It was a small conference without parallel sessions and the organisers were more imaginative than usual in providing us with opportunities for interaction. At the end of first day of talks, we went on a guided walking tour of old Toulouse. At the end of second day, we went to the Toulouse Aerospace Museum and had the chance to go onboard Concorde.
I stayed an extra day for an organised tour of the Airbus A380 assembly line. Only the engine pylons are made in Toulouse. The rest of the 575-seater plane is manufactured around Europe and arrives in monthly road convoys after travelling by sea to local ports. The cockpit, centre, tail sections of the double-deck fuselage travel separately on specially-made trucks with each 45m long wing section following on its own transporter. It takes about a month to assemble these massive sections. This is engineering on a huge scale performed with laser precision (laser systems are used to align the sections). The engines are also manufactured elsewhere and transported to Toulouse to be hung on the wings. The maximum diameter of the Rolls-Royce Trent 900 engines, being attached to the plane we saw, is approximately same as the fuselage diameter of an A320 airplane.
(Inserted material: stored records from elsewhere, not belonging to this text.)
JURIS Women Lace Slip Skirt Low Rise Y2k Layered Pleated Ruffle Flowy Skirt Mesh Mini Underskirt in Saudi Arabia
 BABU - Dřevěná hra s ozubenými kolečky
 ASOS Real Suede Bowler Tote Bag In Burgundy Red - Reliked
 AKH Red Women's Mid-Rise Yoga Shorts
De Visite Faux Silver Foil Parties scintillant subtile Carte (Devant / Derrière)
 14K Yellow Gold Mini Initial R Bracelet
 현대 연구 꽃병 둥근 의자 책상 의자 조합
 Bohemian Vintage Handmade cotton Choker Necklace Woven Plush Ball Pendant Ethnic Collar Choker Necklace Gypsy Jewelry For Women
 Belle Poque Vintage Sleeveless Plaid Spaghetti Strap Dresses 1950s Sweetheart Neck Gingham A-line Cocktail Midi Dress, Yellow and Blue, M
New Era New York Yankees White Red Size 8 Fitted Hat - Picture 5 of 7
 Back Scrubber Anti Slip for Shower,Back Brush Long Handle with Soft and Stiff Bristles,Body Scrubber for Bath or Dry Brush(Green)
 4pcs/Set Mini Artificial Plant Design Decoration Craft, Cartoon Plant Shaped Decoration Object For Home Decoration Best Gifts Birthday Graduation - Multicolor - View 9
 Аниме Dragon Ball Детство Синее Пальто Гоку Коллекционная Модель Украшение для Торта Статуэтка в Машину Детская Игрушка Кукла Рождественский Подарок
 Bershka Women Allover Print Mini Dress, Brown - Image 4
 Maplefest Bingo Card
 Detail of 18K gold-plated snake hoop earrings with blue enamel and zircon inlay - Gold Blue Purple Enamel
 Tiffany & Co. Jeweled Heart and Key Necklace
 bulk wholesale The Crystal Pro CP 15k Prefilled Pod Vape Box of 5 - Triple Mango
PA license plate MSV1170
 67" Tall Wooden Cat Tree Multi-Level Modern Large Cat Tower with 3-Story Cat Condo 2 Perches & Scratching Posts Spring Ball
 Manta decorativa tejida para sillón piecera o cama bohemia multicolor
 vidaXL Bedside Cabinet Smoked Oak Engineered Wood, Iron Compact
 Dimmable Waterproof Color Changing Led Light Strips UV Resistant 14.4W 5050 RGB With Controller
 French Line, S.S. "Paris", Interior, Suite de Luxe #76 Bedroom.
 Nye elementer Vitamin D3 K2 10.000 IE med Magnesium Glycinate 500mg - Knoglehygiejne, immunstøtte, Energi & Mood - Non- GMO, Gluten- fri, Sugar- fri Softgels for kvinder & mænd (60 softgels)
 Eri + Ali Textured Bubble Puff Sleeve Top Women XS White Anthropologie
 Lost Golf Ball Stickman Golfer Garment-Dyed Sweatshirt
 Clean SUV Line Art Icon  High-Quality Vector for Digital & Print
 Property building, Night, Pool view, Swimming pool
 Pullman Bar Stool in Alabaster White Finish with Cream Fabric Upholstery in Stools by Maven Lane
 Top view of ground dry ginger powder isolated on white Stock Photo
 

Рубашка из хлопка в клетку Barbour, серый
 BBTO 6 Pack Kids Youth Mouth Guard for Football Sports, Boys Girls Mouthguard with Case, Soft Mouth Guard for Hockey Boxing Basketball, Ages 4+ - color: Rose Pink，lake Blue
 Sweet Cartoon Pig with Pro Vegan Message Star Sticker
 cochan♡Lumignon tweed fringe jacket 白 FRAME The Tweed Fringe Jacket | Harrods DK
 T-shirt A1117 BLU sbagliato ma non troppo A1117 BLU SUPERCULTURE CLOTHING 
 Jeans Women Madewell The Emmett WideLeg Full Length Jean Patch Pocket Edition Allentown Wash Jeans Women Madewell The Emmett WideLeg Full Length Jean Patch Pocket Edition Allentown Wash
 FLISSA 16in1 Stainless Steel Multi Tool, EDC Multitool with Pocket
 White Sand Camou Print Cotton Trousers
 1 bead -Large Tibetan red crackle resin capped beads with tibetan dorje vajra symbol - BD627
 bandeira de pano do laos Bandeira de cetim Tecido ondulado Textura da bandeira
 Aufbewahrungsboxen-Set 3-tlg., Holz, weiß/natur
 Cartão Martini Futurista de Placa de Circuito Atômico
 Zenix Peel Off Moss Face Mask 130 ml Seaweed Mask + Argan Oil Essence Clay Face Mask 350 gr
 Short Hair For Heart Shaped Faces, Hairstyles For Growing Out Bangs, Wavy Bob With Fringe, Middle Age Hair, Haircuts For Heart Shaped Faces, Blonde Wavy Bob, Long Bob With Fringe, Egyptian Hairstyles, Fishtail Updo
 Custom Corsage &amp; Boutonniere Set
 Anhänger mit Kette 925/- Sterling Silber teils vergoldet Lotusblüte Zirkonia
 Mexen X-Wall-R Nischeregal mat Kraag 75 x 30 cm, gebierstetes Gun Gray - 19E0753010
Once the A380 is assembled and its systems tested, then it is flown to another Airbus factory in Germany to be painted and for the cabin to be fitted out to the customer’s specification. In total, 11 Airbus factories in France, Germany, Spain and the United Kingdom are involved in producing the A380; this does not include the extensive supply chain supporting these factories. As I toured the assembly line and our guide assailed us with facts and figures about the scale of the operation, I was thinking about why the nuclear power industry across Europe could not collaborate on this scale to produce affordable, identical power stations. Airbus originated from a political decision in the 1970s to create a globally-competitive European aerospace industry that led to a collaboration between national manufacturers which evolved into the Airbus company. One vision for fusion energy is a globally dispersed manufacturing venture that would evolve from the consortium that is currently building the ITER experiment and planning the DEMO plant. However, there does not appear to be any hint that the nuclear fission industry is likely to follow the example of the European aerospace industry to create a globally-competitive industry producing massive pieces of engineering within a strictly regulated environment.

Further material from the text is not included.